■ Source information ■
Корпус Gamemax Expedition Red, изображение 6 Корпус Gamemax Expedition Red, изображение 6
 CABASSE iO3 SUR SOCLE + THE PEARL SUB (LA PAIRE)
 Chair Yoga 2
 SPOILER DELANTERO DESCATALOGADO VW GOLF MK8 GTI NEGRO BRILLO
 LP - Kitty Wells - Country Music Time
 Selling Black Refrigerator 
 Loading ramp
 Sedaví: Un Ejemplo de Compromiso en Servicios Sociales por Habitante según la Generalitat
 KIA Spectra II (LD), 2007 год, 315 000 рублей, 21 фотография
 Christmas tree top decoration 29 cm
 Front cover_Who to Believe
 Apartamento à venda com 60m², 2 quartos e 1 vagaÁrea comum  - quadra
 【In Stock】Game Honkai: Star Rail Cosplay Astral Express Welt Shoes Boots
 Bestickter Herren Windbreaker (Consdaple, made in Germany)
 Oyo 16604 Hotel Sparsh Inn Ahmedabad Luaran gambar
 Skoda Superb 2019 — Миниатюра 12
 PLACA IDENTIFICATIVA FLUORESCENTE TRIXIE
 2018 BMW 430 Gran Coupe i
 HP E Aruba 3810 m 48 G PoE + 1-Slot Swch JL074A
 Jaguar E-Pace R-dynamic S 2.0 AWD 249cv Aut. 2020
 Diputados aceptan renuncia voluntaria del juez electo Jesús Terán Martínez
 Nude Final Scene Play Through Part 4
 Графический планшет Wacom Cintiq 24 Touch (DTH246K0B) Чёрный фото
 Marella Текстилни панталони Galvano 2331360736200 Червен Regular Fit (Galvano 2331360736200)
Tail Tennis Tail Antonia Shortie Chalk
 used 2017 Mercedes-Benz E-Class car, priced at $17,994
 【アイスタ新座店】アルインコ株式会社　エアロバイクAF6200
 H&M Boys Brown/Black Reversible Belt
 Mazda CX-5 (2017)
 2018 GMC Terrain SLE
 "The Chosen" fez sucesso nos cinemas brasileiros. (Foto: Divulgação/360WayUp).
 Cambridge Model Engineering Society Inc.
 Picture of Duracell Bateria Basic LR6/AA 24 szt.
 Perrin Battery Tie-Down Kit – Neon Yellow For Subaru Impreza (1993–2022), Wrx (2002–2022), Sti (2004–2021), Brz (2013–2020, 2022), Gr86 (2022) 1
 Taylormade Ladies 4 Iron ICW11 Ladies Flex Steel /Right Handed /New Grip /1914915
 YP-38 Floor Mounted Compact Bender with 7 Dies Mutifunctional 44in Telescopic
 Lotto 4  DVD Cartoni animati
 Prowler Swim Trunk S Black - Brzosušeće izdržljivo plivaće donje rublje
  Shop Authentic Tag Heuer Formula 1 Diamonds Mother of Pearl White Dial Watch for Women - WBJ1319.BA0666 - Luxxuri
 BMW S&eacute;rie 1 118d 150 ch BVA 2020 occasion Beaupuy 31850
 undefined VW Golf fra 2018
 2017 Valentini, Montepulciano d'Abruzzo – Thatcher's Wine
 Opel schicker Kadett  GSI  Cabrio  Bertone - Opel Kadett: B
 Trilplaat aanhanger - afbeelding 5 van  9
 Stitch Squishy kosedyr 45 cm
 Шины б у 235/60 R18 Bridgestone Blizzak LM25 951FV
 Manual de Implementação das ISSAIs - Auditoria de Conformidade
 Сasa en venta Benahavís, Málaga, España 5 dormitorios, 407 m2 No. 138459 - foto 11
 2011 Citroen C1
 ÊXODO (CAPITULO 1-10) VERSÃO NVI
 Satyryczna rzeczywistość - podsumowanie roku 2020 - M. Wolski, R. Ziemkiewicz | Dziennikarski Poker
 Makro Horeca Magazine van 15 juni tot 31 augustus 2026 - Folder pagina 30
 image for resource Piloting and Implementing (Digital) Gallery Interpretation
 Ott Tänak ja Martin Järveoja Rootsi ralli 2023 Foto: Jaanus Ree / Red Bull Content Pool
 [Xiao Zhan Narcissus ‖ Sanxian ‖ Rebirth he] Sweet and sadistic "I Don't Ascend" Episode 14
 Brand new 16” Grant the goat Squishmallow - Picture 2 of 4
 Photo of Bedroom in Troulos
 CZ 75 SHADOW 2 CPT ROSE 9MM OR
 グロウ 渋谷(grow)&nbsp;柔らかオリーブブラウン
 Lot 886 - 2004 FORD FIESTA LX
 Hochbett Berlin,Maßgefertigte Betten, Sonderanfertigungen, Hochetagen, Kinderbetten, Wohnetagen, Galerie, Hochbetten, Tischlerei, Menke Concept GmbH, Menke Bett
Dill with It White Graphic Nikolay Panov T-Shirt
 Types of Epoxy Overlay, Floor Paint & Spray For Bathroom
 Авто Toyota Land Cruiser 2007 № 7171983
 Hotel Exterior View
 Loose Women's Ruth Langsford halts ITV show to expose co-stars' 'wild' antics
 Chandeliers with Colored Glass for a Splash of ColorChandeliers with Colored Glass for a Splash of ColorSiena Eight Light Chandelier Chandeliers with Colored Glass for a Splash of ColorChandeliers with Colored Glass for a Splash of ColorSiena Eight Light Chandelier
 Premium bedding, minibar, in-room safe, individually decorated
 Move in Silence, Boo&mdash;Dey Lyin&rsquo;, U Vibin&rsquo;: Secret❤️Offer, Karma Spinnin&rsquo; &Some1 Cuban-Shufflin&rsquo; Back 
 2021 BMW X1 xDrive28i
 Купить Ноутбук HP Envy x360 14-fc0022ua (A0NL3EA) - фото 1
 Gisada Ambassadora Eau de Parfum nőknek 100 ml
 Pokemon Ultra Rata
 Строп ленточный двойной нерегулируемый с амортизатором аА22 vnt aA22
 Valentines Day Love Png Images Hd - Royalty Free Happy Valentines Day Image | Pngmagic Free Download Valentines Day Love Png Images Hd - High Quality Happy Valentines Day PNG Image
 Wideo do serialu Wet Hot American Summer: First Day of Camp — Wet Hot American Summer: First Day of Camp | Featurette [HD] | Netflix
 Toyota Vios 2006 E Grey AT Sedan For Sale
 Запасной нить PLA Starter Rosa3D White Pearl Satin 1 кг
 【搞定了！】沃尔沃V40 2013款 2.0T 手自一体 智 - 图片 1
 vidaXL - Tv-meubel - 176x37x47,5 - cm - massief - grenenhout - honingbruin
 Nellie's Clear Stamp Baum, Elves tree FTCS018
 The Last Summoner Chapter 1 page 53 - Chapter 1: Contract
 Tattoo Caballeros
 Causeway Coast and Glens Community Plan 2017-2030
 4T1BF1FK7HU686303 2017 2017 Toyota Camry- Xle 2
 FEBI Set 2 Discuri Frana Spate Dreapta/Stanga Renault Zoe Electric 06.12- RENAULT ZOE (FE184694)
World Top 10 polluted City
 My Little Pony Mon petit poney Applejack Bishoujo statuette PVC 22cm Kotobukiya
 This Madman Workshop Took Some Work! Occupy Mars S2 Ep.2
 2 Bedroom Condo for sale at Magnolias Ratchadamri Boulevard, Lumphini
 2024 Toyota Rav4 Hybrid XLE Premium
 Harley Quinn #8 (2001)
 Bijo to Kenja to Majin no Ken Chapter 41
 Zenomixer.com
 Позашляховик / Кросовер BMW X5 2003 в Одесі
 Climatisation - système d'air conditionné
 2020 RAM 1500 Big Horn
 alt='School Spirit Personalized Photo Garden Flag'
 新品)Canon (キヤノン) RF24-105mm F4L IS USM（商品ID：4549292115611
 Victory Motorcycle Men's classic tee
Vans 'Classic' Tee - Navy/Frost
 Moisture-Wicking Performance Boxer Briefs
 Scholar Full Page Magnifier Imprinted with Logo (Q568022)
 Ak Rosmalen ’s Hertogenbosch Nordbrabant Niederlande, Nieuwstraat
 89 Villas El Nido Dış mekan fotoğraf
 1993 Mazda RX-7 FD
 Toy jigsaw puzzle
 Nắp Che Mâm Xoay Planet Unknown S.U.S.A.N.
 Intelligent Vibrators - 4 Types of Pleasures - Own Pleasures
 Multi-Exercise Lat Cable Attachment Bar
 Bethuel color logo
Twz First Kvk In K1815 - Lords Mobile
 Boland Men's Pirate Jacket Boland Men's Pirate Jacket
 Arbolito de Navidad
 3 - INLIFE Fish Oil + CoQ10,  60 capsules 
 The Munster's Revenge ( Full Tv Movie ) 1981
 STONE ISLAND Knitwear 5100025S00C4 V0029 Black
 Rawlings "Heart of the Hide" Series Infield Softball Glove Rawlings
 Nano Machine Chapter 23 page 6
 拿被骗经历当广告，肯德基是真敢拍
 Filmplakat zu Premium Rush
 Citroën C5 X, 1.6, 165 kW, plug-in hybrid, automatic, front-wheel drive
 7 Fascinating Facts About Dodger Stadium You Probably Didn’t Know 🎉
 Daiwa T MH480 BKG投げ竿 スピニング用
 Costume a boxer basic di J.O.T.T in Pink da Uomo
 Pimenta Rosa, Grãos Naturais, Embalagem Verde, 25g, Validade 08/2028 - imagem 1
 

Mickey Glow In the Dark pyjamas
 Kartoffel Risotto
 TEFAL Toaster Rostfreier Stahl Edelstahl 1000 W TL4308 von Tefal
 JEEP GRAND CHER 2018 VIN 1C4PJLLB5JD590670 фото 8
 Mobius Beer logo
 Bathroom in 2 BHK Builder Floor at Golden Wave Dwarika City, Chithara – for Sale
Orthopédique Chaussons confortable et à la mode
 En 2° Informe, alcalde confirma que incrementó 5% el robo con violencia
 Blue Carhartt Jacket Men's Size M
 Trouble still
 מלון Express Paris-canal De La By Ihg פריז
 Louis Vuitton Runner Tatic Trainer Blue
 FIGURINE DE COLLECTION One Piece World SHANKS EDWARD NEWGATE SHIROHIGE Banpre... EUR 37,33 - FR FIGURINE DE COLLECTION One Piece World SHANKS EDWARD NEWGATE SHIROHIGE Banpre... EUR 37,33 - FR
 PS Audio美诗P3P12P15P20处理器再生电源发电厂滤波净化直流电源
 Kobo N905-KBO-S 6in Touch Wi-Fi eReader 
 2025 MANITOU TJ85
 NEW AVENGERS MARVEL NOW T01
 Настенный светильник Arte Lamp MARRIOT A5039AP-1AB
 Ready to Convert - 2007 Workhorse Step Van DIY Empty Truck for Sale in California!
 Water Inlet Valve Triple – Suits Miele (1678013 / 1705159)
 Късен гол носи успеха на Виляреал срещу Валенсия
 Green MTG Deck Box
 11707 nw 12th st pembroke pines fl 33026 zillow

■ Task brief ■
Would you please transcribe the lines above exactly, starting with the first line of the material and ending with the line that has "Bestickter Herren Windbreaker"?

■ Solution for this exercise ■
Корпус Gamemax Expedition Red, изображение 6 Корпус Gamemax Expedition Red, изображение 6
 CABASSE iO3 SUR SOCLE + THE PEARL SUB (LA PAIRE)
 Chair Yoga 2
 SPOILER DELANTERO DESCATALOGADO VW GOLF MK8 GTI NEGRO BRILLO
 LP - Kitty Wells - Country Music Time
 Selling Black Refrigerator 
 Loading ramp
 Sedaví: Un Ejemplo de Compromiso en Servicios Sociales por Habitante según la Generalitat
 KIA Spectra II (LD), 2007 год, 315 000 рублей, 21 фотография
 Christmas tree top decoration 29 cm
 Front cover_Who to Believe
 Apartamento à venda com 60m², 2 quartos e 1 vagaÁrea comum  - quadra
 【In Stock】Game Honkai: Star Rail Cosplay Astral Express Welt Shoes Boots
 Bestickter Herren Windbreaker (Consdaple, made in Germany)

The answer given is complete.